I wasn't "missing" that at all, and it is
irrelevant to the point I made. The
precedent at the time was forfeiture of games and resulting money. The NCAA (rightly or wrongly) changed how they would handle such cases (I might point out here that the NCAA waited over four years between Maggette admitting receiving payments and the NCAA issuing a ruling, apparently because it was still investigating after having all the information from the school and the player. Insert LucilleBluthWiking.gif). They decided to change the punishment for cases where a player was paid and the school did not know, applied that punishment retroatively to Missouri and UCLA, and handed Duke no consequences because that
new punishment regime (which was
not the precedent) could not be applied to them (retroactively).
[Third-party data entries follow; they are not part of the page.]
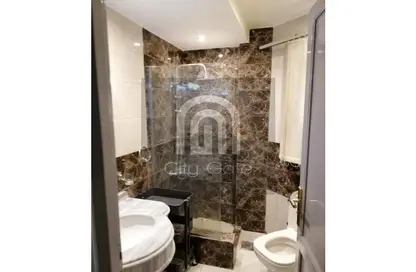 Apartment - 1 Bedroom - 1 Bathroom for rent in El Rehab Extension - Al Rehab - New Cairo City - Cairo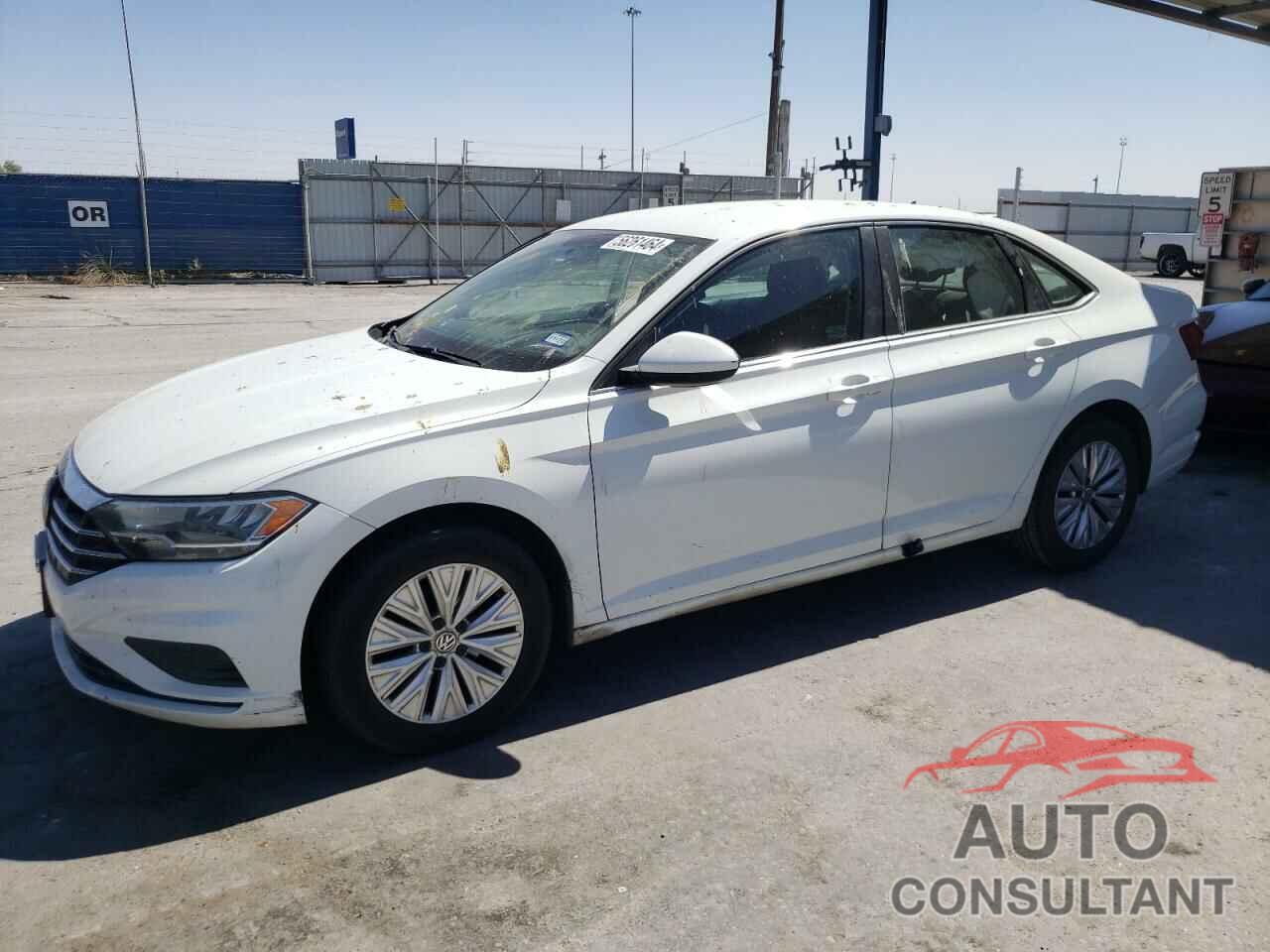 VOLKSWAGEN JETTA 2019 - 3VWC57BU4KM273236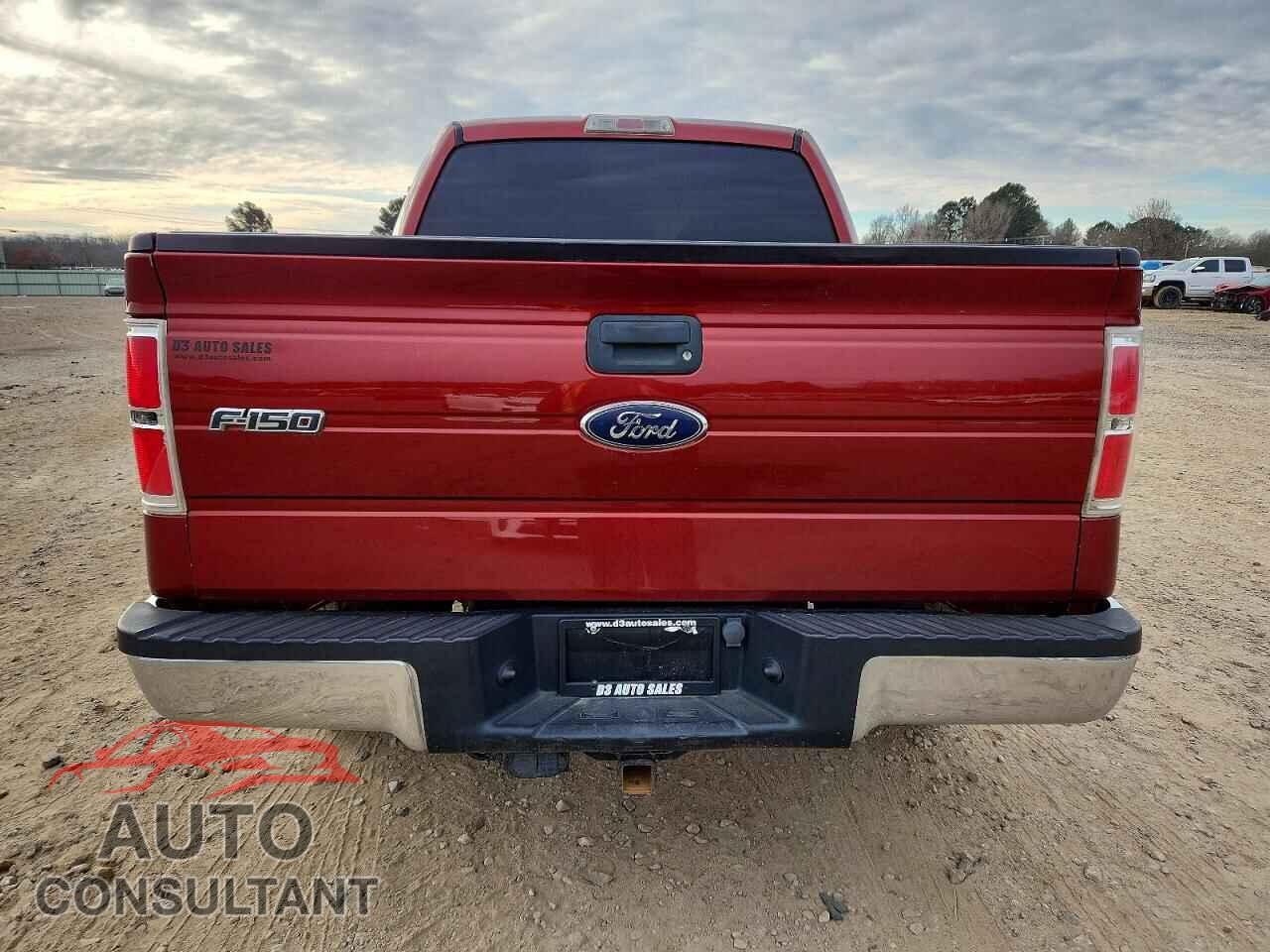 FORD F-150 2014 - 1FTFW1ET2EKE65568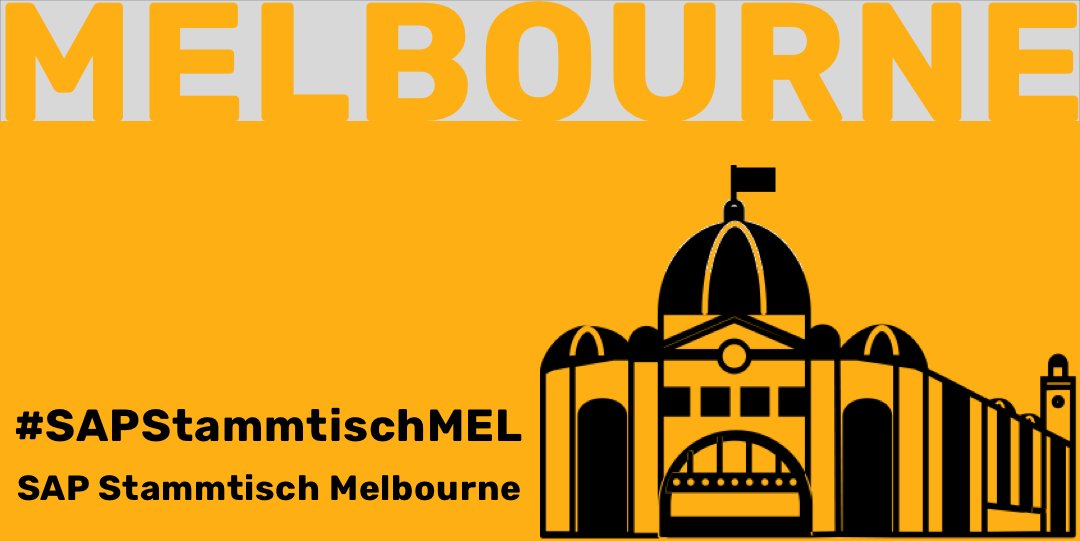 SAP Inside Track Melbourne tweet media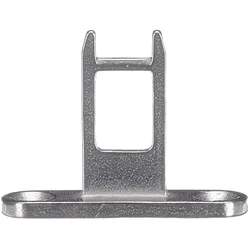 ABB MKeyKey2 Standardbetätiger für MKey5 SSH, MKey5+ SSH, alle MKey8-Typen und alle MKey9-Typen Material: Edelstahl 2TLA050040R0202
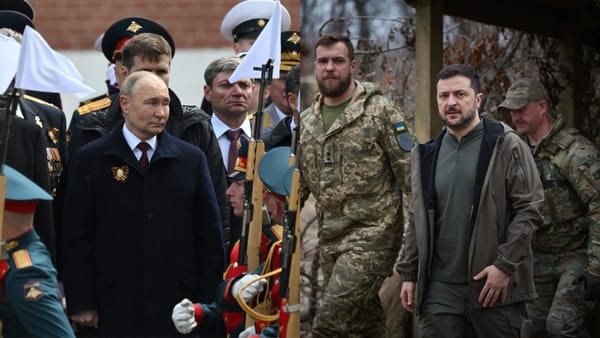 Rusia a ordonat un armistițiu unilateral pentru perioada 8-9 mai. Ucraina anunță un „regim de liniște” din 6 mai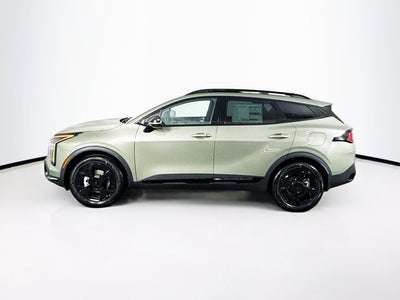 2026 Kia Sportage Plug-In Hybrid X-Line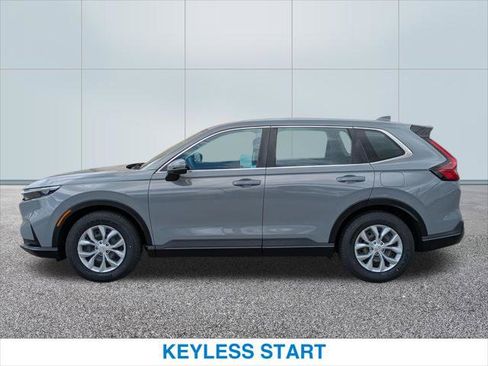 Certified 2024 Honda CR-V LX image 10
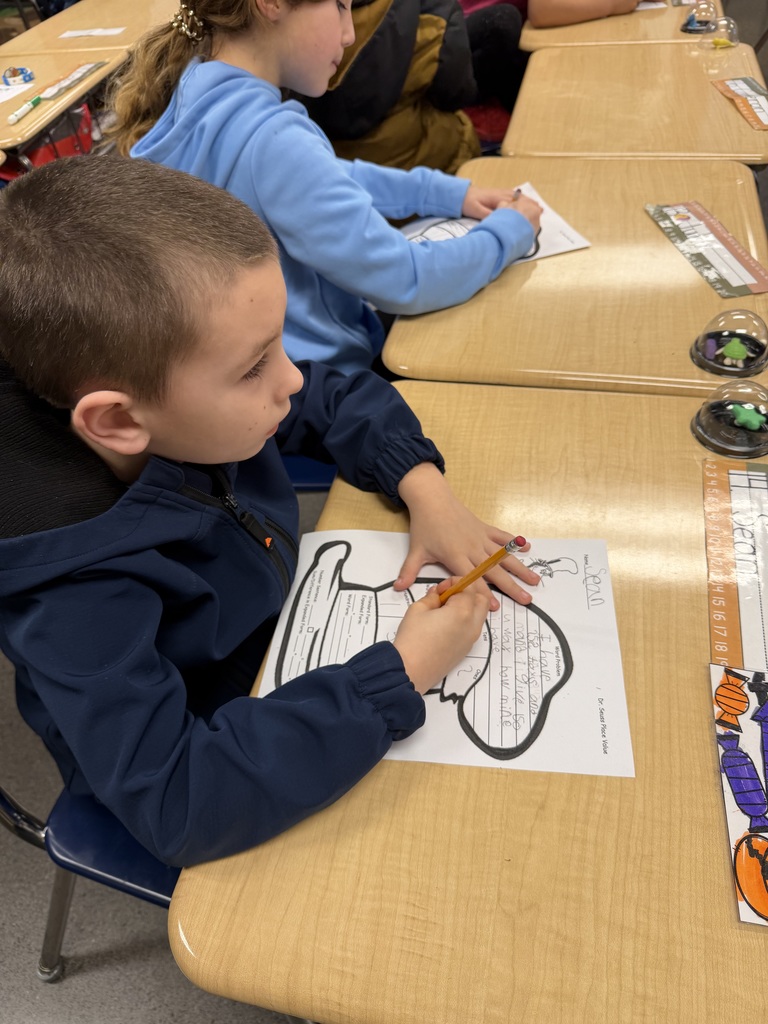 Dr. Seuss activities in 2nd grade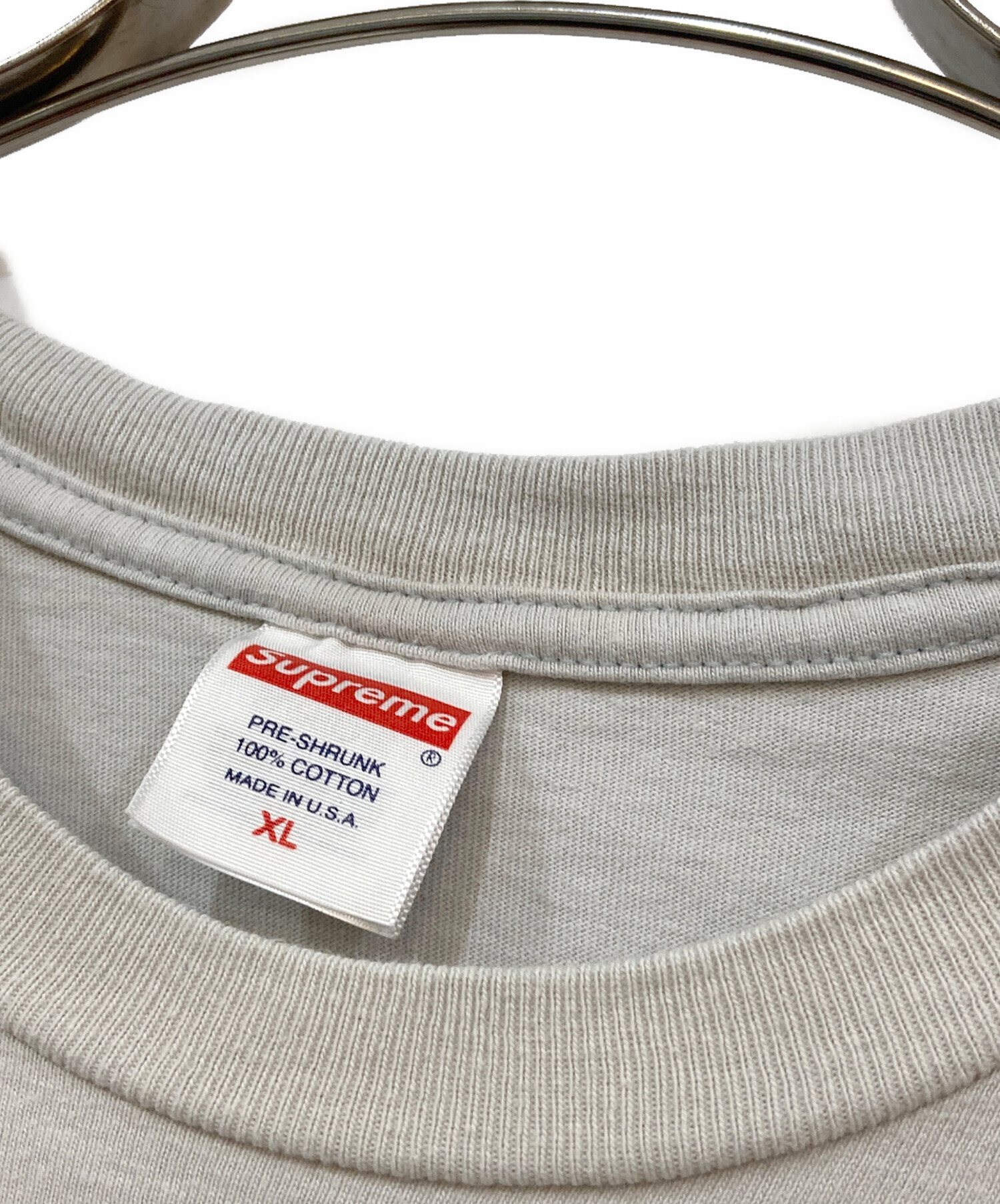 中古・古着通販】SUPREME (シュプリーム) STANDARD TEE/スタンダード 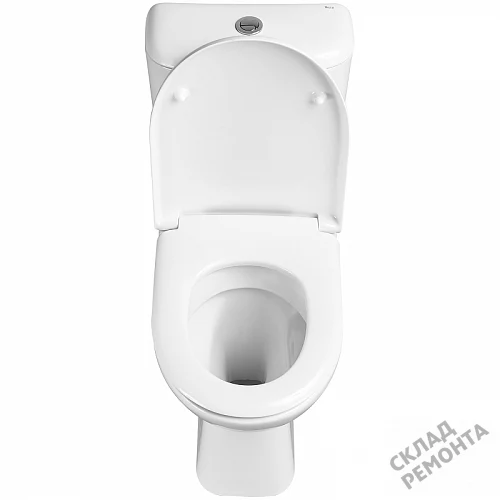 Фото Унитаз напольный Roca Access ZRU9307684 купить в Мирном: цена, описание, фото. Интернет-магазин 7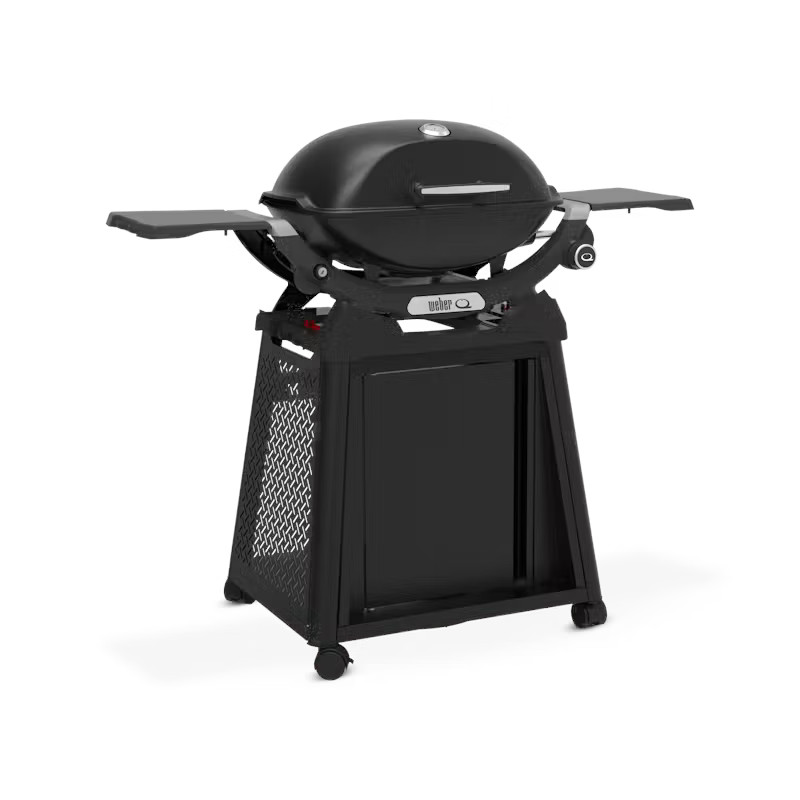 Plynový gril Weber Q2200N Premium Stand, 4 kW, 1501103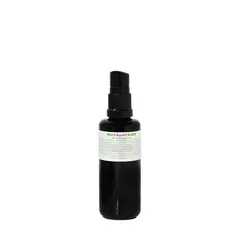living libations - Mint + Myrrh Oil Swishing Serum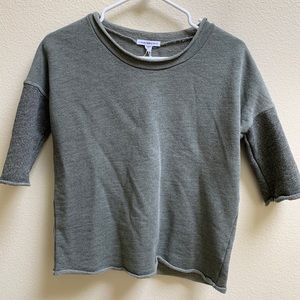 James Perse sweater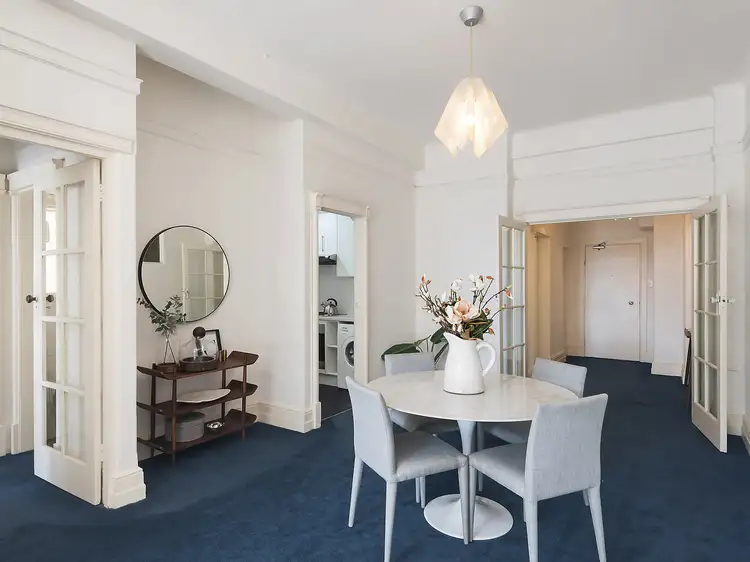 804/123 Macquarie Street, Sydney NSW 2000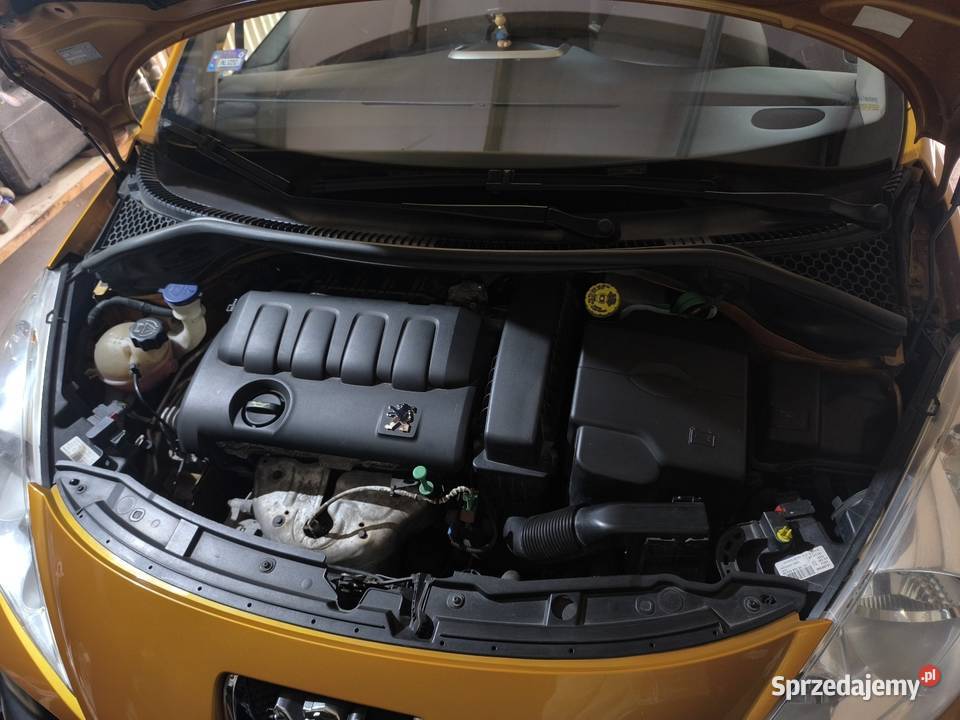 Peugeot 207 Samochody dostawcze Konin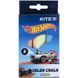 Мел цветной Kite Hot Wheels Jumbo 3 цвета фото 1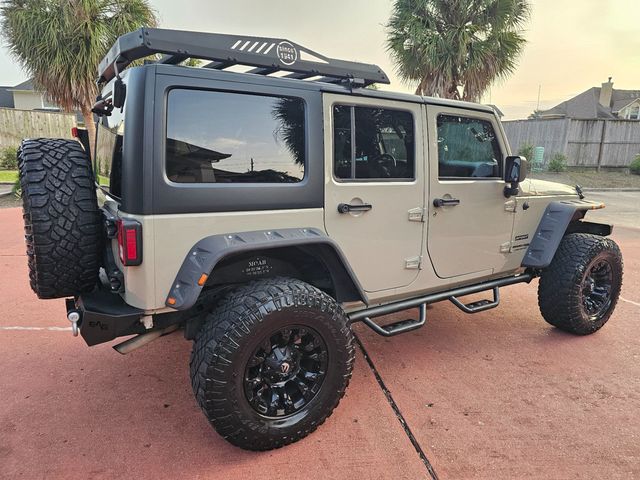 2018 Jeep Wrangler JK Unlimited Sport 4x4 - 19138003 - 9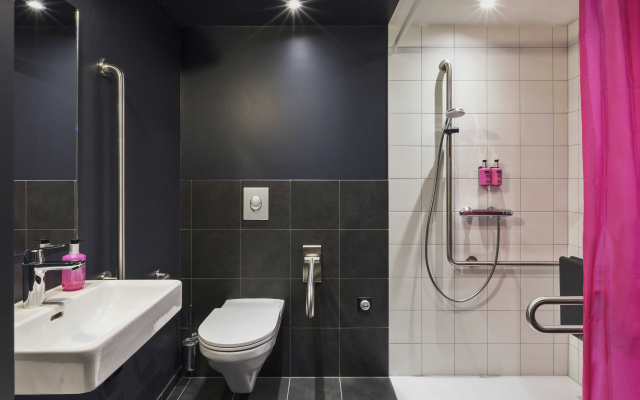 Moxy Lausanne City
This isn't remotely controversial, either. It's in the article I linked: "Precedent for situations in which an ineligible athlete played in a postseason game and the university was unaware of the violations calls for the school to return 45 percent of its game revenue and give up any title it won, spokeswoman Jane Jankowski said."
See also: "
What if the precedent for such an offense called for the embarrassing forfeiture of games and the stripping of a Final Four appearance?"
The only controversial part is whether the NCAA should have changed the rule. I think the new punishment regime is better, frankly, but the undisputed facts make the NCAA look like it was changing the rule specifically so it's perceived golden child would not get punishment. It's at the very least horrible optics.